##### INPUT MATERIAL #####

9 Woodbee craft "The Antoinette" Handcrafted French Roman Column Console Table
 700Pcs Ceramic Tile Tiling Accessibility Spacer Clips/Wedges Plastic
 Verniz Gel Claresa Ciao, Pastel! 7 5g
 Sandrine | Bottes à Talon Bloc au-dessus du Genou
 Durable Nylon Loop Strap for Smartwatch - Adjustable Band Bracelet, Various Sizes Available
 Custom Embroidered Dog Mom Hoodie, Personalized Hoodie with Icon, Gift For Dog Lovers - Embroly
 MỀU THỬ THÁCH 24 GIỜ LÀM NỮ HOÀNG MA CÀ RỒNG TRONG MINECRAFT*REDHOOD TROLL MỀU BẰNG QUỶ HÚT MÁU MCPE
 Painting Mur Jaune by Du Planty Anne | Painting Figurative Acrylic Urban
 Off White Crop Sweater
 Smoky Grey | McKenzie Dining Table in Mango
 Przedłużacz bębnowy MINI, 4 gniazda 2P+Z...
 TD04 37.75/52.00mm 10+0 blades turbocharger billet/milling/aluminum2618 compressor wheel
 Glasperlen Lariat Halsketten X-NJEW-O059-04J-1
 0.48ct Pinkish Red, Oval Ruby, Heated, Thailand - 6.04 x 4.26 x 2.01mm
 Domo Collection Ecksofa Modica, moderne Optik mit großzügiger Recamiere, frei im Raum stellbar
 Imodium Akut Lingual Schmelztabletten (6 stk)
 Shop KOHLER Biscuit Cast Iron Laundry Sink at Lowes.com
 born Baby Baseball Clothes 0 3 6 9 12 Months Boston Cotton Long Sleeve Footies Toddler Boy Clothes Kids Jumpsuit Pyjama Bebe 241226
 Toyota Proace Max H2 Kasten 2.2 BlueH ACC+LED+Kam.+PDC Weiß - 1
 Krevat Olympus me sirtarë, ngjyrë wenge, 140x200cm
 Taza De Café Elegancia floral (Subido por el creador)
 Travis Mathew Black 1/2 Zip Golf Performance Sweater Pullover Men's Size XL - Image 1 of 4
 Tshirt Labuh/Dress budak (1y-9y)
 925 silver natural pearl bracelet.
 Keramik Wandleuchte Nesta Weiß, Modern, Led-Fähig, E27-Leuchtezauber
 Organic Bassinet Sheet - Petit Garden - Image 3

#####

**TASK BRIEF:**
Would you restate word for word every line from the one holding "925 silver natural pearl bracelet." to the end of the entries, both ends included?

**RESPONSE TO THIS TASK:**
 925 silver natural pearl bracelet.
 Keramik Wandleuchte Nesta Weiß, Modern, Led-Fähig, E27-Leuchtezauber
 Organic Bassinet Sheet - Petit Garden - Image 3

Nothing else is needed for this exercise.